Records:
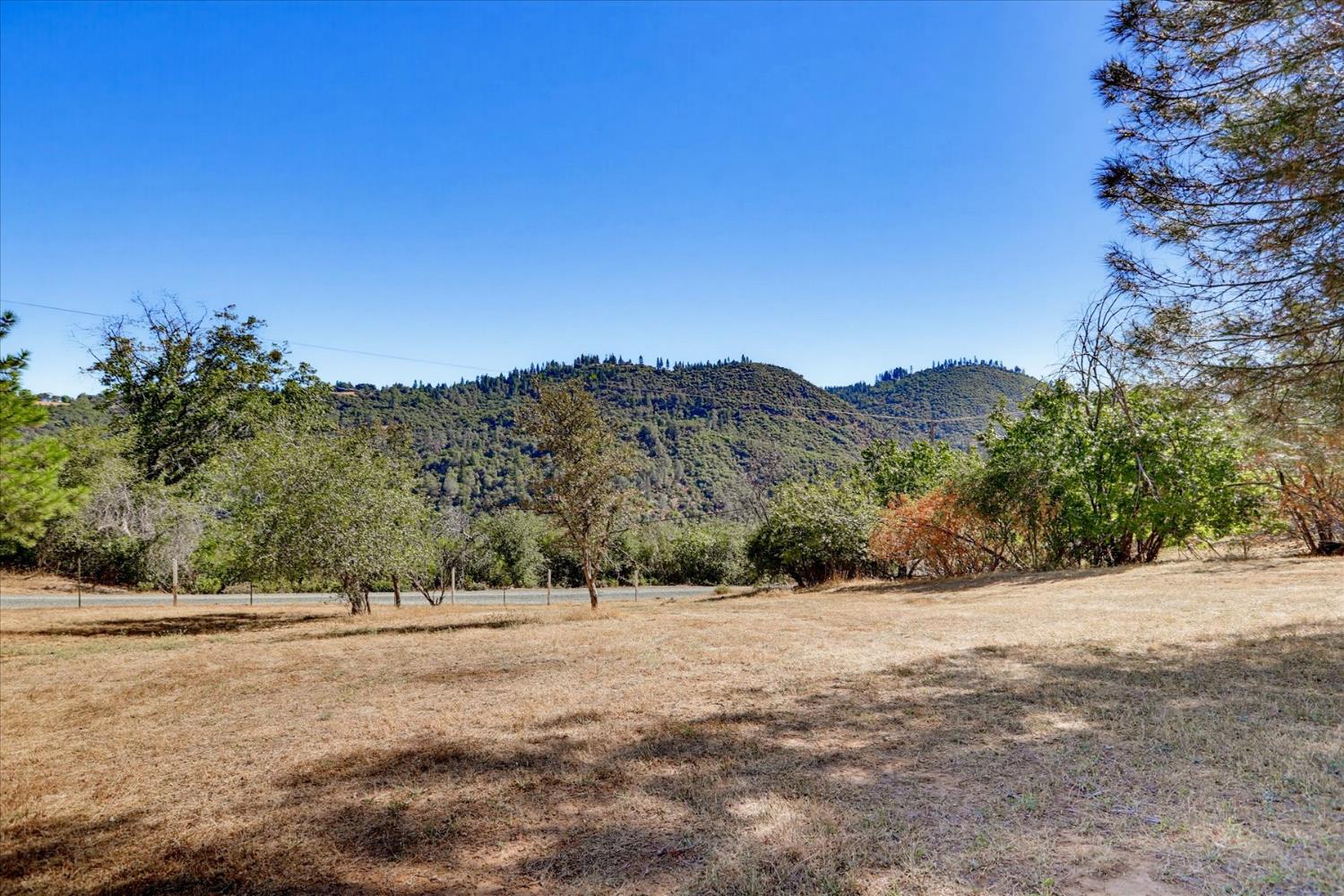 12220 Meadow View Way Rough And Ready CA 95975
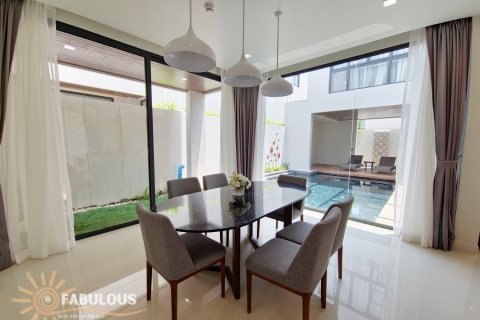 Chalet de 4 dormitorios en Surin Beach, Tailandia № 179534 - foto 7
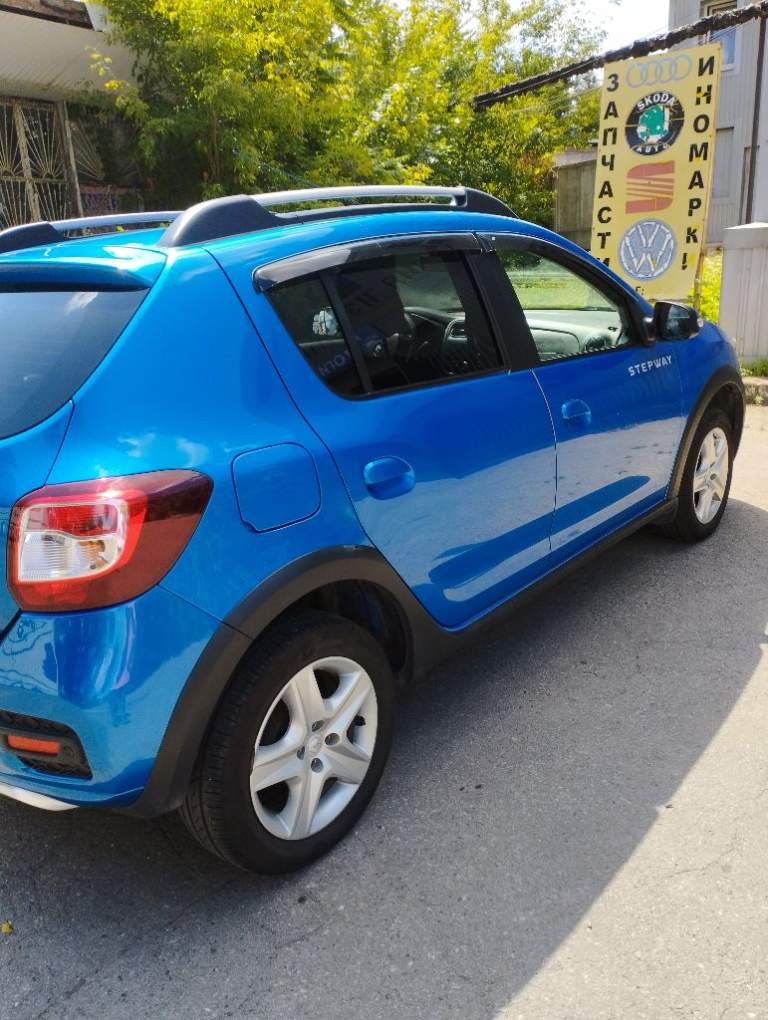 Renault sandero stepway, 2017 года, пробег 110тыс. Км, 1,6л, 1,6мт (82л. С), привод передний, второй владелец, не битый, хорошее состояние, цена 1050000руб. , торг при осмотре, бензин, механика, электростеклоподъемники, подогрев сидений, кондиционер. - фотография - 1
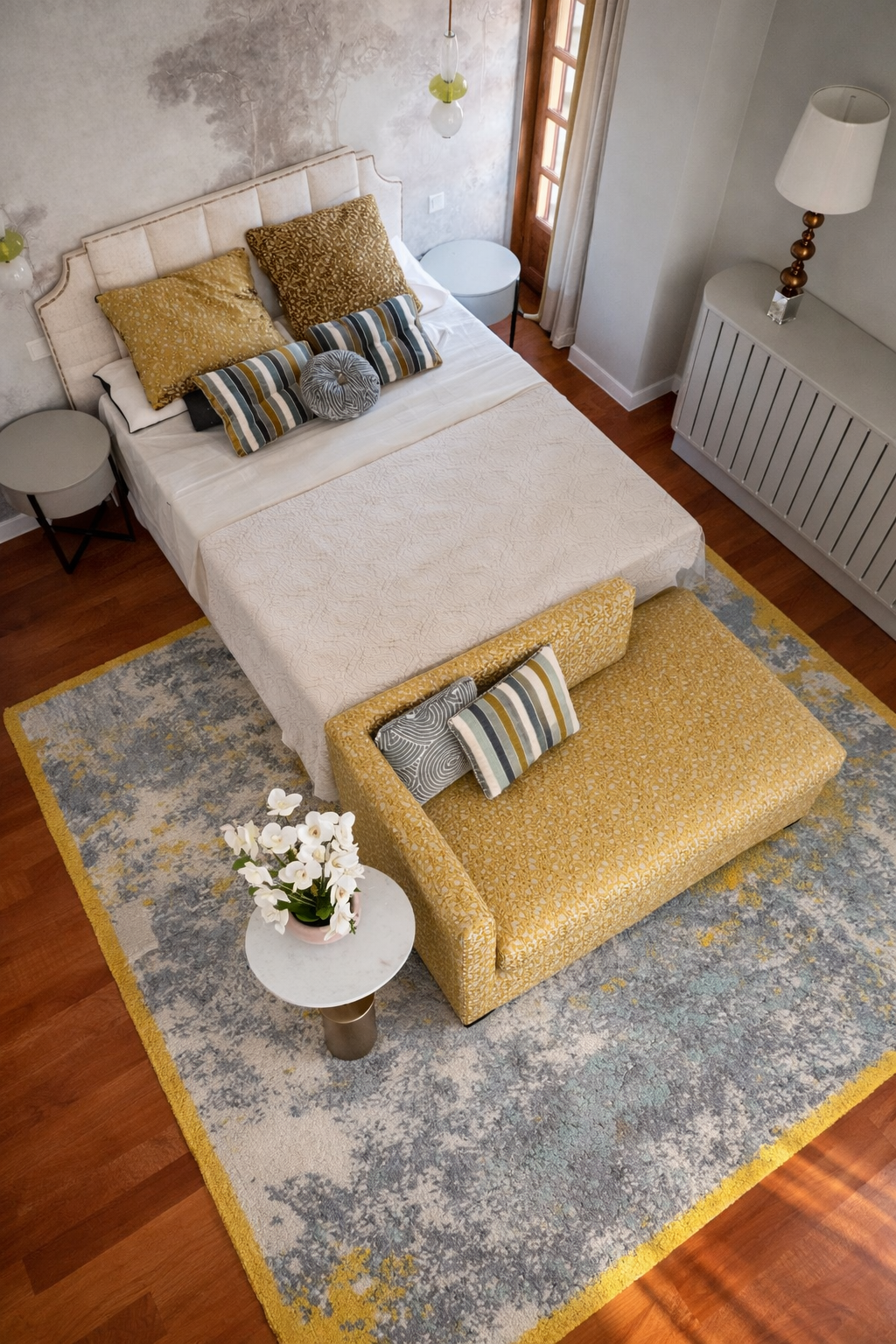 Alfombra en un lujoso dormitorio con un sofá junto al pie de la cama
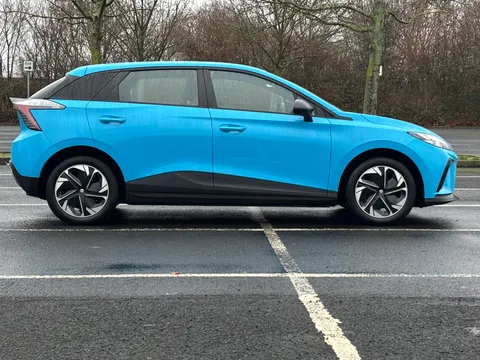 DK73XXH Mg Motor Uk Mg4 125kW SE EV 51kWh 5dr Auto Thumbnail #8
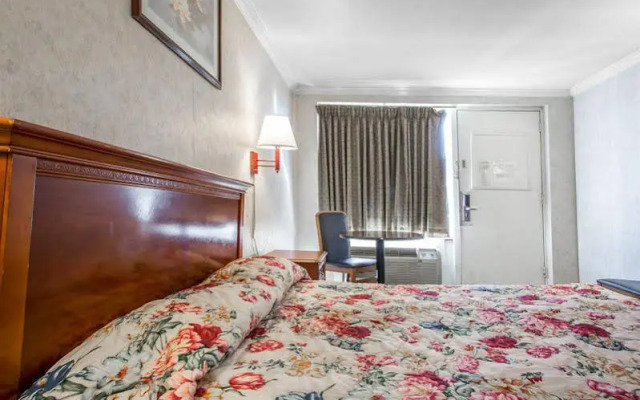 Downbeach Inn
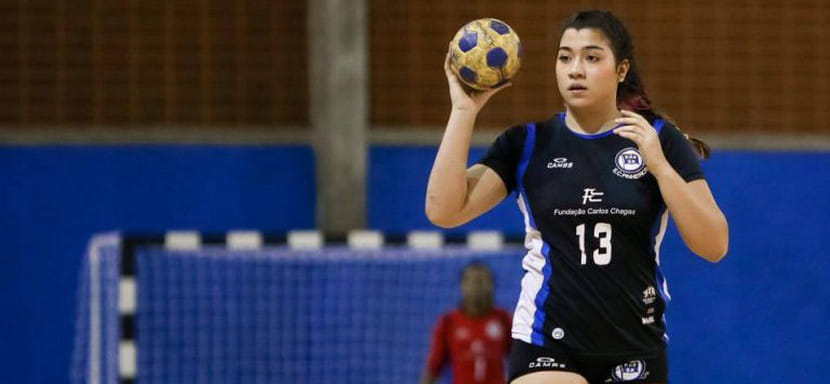 Румыния. Левая крайняя из Бразилии Джулия Гуарейро будет выступать за "Дунэрю"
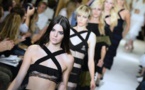 La petite soeur de Kim Kardashian, reine des réseaux sociaux, propulsée star de la mode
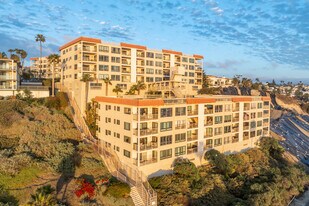 Sea Gate West Building C in San Clemente, CA - Building Photo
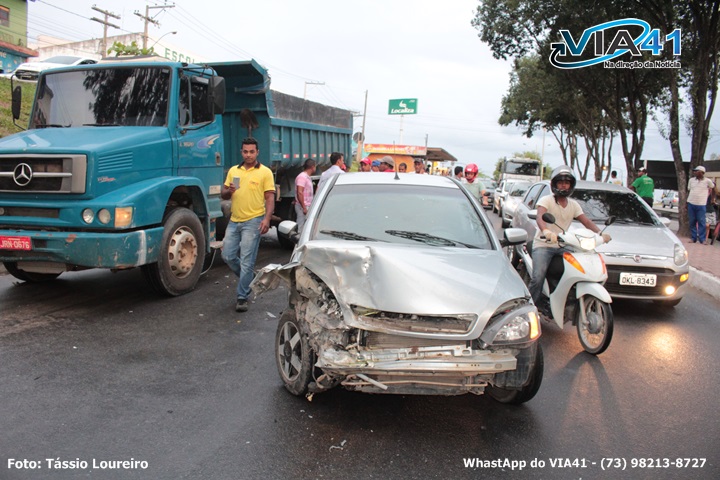Carro em alta velocidade bate no fundo de caminhão 5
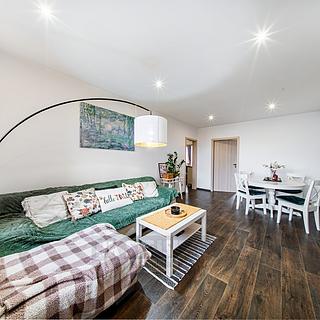 Prodej bytu 3+1 78 m² České Budějovice 2, Lhenická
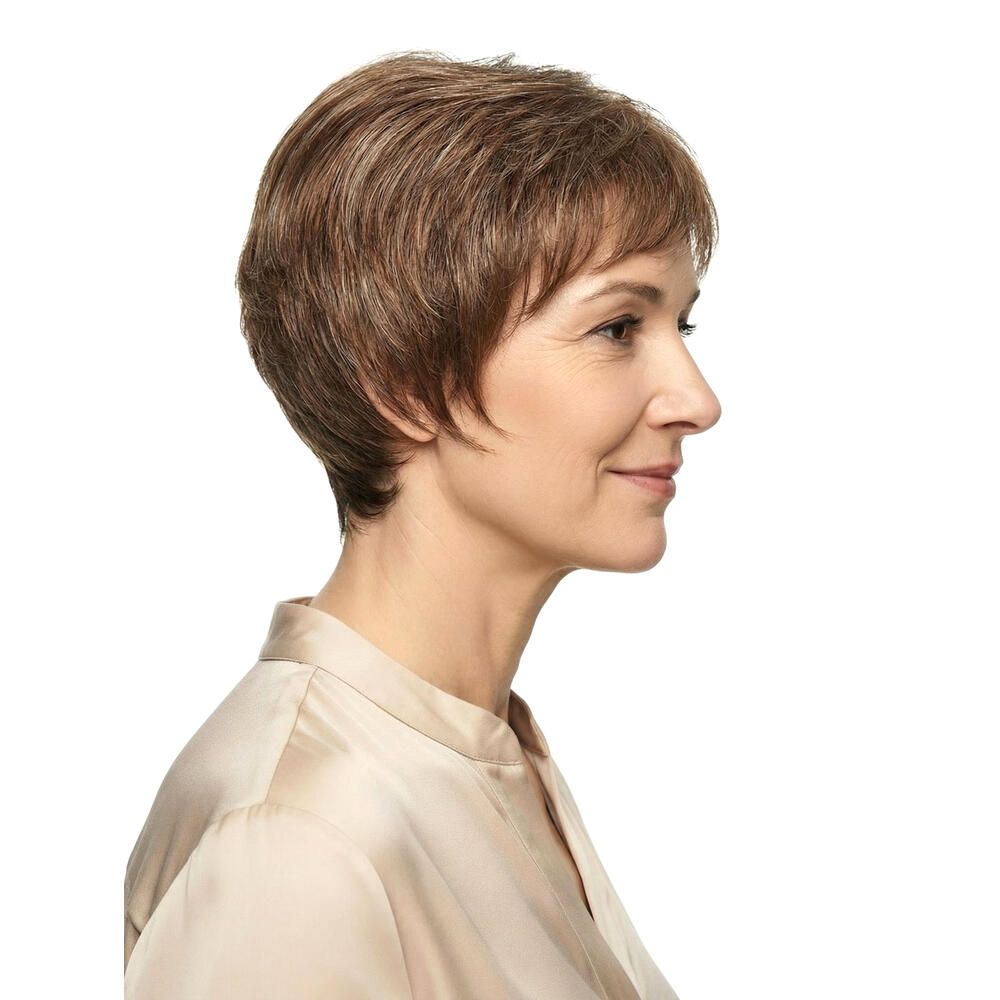 Kurzhaarperücke, braun, seitlich. Frau mit beigem Oberteil. Profilansicht, natürlicher Look.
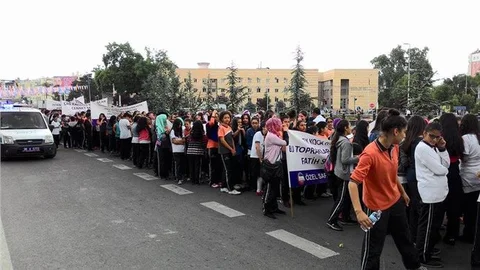 Kayseri'de Başbakan Mitingi İçin Öğrenciler Getirildi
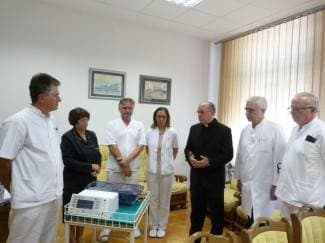 Caritas poklonio požeškoj bolnici nove instrumente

What needs to be done: Copy the listing in full and without alteration, omitting every picture.

Solution:
 12220 Meadow View Way Rough And Ready CA 95975
 Chalet de 4 dormitorios en Surin Beach, Tailandia № 179534 - foto 7
 Renault sandero stepway, 2017 года, пробег 110тыс. Км, 1,6л, 1,6мт (82л. С), привод передний, второй владелец, не битый, хорошее состояние, цена 1050000руб. , торг при осмотре, бензин, механика, электростеклоподъемники, подогрев сидений, кондиционер. - фотография - 1
 Alfombra en un lujoso dormitorio con un sofá junto al pie de la cama
 DK73XXH Mg Motor Uk Mg4 125kW SE EV 51kWh 5dr Auto Thumbnail #8
 Downbeach Inn
 Румыния. Левая крайняя из Бразилии Джулия Гуарейро будет выступать за "Дунэрю"
 La petite soeur de Kim Kardashian, reine des réseaux sociaux, propulsée star de la mode
 Sea Gate West Building C in San Clemente, CA - Building Photo
Carro em alta velocidade bate no fundo de caminhão 5
 Prodej bytu 3+1 78 m² České Budějovice 2, Lhenická
 Kurzhaarperücke, braun, seitlich. Frau mit beigem Oberteil. Profilansicht, natürlicher Look.
 Kayseri'de Başbakan Mitingi İçin Öğrenciler Getirildi
 Caritas poklonio požeškoj bolnici nove instrumente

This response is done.